■ What is required
Wherever the word "Front" occurs in the listing below, copy that whole line.
───
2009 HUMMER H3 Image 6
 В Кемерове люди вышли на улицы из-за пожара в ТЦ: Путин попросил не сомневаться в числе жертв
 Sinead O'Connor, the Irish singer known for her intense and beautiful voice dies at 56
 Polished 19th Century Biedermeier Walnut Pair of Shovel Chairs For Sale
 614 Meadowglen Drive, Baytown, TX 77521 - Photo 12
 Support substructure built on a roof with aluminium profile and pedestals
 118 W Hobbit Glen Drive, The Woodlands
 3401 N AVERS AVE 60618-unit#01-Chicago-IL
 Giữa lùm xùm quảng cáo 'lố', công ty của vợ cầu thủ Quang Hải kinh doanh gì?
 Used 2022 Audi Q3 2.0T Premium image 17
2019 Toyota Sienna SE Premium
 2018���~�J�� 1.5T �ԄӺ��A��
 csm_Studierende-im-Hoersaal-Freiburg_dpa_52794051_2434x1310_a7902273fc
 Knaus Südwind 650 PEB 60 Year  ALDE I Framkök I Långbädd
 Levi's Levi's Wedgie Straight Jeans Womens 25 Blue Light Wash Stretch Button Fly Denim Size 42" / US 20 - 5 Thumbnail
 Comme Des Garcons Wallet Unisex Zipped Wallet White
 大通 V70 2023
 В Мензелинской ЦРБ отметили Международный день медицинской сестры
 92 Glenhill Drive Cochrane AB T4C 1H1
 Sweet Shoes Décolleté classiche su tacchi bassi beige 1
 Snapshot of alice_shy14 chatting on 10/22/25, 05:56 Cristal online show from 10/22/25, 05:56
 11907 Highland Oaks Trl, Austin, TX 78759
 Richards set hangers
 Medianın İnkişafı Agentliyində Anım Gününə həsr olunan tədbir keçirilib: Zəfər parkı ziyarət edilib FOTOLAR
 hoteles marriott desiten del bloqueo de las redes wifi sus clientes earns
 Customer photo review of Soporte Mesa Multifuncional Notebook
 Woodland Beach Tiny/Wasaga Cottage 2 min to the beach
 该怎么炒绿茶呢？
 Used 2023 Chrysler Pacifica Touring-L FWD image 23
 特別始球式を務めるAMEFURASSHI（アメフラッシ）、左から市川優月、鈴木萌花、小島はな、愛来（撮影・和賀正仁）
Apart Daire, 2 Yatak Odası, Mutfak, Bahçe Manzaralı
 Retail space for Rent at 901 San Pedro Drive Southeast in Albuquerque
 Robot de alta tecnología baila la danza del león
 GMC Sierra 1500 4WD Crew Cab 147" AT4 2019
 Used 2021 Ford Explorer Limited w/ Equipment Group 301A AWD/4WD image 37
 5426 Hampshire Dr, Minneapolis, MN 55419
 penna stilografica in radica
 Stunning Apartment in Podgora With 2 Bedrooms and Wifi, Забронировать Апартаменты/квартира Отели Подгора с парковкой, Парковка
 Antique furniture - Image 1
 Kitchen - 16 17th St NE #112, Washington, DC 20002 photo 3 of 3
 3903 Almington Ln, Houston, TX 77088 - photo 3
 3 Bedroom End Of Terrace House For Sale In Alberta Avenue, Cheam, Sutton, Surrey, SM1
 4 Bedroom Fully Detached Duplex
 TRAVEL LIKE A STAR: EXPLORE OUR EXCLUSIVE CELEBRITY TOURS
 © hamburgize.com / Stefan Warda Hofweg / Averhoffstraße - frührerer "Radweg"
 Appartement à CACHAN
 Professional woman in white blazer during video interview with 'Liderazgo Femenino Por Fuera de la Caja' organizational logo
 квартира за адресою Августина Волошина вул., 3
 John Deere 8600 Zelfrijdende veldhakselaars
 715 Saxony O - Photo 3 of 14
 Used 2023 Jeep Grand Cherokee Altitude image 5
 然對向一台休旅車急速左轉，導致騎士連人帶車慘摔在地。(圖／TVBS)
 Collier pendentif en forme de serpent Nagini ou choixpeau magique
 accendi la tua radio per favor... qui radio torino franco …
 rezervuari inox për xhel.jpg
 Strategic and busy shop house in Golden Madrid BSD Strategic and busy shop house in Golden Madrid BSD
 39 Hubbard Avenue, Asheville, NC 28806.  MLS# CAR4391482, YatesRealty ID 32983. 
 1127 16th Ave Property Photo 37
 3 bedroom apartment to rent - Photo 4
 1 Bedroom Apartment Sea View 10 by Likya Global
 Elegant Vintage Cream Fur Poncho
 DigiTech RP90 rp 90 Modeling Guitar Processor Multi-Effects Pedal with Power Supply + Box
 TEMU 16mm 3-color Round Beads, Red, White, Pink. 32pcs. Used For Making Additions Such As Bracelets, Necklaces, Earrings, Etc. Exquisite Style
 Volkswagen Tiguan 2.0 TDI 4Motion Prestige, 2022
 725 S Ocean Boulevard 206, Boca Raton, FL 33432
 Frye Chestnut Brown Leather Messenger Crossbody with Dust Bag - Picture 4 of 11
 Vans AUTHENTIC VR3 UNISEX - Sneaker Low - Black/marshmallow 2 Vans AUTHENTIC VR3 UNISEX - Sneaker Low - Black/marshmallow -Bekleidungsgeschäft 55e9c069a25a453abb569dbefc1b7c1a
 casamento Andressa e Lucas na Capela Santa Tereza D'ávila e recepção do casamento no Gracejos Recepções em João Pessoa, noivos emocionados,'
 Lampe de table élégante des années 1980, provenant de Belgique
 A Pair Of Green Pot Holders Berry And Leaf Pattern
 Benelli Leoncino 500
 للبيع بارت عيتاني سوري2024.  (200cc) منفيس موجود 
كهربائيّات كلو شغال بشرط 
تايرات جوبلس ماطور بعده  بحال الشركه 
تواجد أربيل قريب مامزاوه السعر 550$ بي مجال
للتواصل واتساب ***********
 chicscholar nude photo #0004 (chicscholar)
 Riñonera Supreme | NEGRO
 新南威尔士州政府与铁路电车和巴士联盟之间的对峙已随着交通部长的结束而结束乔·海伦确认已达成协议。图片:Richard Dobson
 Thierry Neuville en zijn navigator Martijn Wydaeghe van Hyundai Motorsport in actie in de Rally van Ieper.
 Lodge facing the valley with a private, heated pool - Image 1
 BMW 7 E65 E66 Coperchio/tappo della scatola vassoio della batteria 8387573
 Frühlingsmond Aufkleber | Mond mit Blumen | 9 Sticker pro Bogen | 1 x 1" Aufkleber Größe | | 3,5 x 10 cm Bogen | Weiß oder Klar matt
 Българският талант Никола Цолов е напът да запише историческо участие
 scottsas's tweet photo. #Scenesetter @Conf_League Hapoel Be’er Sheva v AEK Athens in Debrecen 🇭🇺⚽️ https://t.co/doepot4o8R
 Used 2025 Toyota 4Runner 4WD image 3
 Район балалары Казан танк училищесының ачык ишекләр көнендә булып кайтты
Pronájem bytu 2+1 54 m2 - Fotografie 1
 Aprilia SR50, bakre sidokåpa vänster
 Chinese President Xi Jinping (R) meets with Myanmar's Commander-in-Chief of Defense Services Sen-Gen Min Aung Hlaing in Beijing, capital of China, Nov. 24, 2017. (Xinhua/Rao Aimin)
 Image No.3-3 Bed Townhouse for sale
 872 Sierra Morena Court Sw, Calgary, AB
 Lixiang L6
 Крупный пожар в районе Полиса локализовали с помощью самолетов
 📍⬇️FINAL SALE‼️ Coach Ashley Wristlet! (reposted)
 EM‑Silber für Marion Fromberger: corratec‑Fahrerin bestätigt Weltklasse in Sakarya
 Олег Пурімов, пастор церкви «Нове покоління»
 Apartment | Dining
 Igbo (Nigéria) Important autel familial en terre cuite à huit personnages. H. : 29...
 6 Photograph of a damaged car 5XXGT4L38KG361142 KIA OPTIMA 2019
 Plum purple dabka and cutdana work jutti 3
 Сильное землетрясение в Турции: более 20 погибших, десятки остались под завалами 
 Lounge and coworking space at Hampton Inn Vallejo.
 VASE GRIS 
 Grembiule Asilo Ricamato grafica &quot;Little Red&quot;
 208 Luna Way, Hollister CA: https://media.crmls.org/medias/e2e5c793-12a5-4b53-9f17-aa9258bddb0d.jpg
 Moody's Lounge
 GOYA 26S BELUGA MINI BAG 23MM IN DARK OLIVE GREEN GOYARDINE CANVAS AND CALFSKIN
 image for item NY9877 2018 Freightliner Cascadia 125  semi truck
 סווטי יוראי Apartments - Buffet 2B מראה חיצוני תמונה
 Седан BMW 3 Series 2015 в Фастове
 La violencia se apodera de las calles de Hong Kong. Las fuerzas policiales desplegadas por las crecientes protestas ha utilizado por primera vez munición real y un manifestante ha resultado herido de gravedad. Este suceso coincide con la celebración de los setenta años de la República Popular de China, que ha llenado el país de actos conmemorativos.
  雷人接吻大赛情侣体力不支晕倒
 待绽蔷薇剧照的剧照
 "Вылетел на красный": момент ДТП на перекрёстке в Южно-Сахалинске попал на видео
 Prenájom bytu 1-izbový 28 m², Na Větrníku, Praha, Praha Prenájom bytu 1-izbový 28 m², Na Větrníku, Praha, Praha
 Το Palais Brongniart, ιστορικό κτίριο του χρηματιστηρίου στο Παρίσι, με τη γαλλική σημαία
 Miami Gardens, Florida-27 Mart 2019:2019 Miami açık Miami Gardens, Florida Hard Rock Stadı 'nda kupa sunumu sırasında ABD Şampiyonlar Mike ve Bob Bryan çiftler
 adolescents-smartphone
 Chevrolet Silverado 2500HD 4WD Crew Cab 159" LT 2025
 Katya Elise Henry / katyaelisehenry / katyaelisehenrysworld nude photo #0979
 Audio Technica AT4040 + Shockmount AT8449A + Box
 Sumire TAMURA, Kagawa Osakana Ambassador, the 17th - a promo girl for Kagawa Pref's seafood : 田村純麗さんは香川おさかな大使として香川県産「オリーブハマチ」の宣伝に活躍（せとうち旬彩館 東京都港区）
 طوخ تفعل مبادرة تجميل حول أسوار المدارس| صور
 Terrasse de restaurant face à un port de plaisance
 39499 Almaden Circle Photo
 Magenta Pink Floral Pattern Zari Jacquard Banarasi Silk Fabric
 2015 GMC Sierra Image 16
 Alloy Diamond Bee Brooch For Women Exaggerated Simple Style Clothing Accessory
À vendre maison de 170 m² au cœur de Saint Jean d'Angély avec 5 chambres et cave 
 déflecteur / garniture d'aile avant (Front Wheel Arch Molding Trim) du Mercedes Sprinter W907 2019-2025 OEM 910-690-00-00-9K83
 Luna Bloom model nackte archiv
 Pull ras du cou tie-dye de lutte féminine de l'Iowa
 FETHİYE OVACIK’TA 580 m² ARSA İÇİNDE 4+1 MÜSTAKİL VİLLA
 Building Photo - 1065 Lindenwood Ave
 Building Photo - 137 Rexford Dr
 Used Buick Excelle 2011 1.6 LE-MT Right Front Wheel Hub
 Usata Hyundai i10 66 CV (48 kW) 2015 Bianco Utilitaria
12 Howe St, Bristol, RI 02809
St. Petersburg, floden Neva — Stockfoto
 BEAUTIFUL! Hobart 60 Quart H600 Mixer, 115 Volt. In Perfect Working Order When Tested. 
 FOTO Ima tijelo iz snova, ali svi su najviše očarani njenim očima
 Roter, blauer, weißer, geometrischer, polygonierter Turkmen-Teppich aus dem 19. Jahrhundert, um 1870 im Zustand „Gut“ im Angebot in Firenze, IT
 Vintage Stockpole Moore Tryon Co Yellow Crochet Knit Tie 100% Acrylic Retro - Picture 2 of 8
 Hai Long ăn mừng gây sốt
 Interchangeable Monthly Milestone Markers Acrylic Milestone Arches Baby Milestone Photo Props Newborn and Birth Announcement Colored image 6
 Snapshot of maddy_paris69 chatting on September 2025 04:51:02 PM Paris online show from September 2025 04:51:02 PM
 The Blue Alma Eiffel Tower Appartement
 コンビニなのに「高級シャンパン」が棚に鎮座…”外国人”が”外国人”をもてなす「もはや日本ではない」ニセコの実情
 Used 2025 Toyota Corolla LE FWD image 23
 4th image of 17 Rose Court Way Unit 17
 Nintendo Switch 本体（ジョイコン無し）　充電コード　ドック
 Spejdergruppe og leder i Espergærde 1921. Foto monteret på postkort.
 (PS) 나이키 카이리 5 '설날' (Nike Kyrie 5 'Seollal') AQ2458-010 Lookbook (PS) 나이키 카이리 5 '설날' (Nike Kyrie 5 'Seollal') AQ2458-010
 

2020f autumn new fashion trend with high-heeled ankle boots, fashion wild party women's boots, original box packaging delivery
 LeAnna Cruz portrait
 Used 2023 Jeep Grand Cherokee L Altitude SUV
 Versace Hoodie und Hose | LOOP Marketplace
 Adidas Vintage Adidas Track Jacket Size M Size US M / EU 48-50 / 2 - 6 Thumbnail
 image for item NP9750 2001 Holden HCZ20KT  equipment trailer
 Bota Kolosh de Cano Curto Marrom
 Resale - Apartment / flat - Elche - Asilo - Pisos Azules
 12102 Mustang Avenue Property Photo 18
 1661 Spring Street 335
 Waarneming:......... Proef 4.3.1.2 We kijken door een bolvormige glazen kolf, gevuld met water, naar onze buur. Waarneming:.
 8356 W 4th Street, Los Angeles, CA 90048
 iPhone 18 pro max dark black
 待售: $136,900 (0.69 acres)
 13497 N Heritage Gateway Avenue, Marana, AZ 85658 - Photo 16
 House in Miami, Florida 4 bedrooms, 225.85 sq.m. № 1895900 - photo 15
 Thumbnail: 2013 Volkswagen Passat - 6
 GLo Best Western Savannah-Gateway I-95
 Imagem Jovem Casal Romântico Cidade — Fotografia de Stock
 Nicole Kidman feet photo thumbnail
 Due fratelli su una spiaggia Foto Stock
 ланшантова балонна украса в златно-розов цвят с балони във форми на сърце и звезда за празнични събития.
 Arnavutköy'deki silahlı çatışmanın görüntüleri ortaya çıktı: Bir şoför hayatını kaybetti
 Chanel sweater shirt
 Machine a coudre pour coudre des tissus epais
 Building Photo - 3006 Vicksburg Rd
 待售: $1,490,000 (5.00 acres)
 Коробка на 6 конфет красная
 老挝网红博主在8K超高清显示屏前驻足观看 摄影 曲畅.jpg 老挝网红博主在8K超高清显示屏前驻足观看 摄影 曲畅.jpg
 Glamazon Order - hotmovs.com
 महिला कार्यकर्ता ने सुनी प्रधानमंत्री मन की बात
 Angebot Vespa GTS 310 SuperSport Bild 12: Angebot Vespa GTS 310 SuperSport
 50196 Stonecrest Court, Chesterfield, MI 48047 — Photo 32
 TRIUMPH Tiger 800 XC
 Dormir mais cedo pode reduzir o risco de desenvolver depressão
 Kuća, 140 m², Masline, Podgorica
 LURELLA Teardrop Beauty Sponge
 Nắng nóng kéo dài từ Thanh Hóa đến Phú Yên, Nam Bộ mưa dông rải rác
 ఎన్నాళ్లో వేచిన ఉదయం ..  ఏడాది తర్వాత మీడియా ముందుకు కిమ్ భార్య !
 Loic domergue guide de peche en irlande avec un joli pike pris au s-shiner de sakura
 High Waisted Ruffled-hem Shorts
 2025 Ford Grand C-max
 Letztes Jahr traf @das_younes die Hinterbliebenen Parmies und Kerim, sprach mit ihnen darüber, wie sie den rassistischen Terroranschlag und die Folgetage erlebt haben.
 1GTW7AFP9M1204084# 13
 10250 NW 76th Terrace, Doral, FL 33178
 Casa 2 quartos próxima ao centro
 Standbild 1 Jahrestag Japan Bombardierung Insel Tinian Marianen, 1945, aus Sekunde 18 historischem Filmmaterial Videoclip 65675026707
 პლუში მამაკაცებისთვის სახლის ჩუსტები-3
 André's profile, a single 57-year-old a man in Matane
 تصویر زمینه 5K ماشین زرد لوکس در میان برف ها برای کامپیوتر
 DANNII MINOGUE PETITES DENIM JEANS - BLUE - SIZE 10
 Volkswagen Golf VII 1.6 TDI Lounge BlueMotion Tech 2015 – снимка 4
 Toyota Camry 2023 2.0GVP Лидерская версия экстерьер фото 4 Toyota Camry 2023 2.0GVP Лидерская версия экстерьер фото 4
───
■ Solution
 déflecteur / garniture d'aile avant (Front Wheel Arch Molding Trim) du Mercedes Sprinter W907 2019-2025 OEM 910-690-00-00-9K83
 Used Buick Excelle 2011 1.6 LE-MT Right Front Wheel Hub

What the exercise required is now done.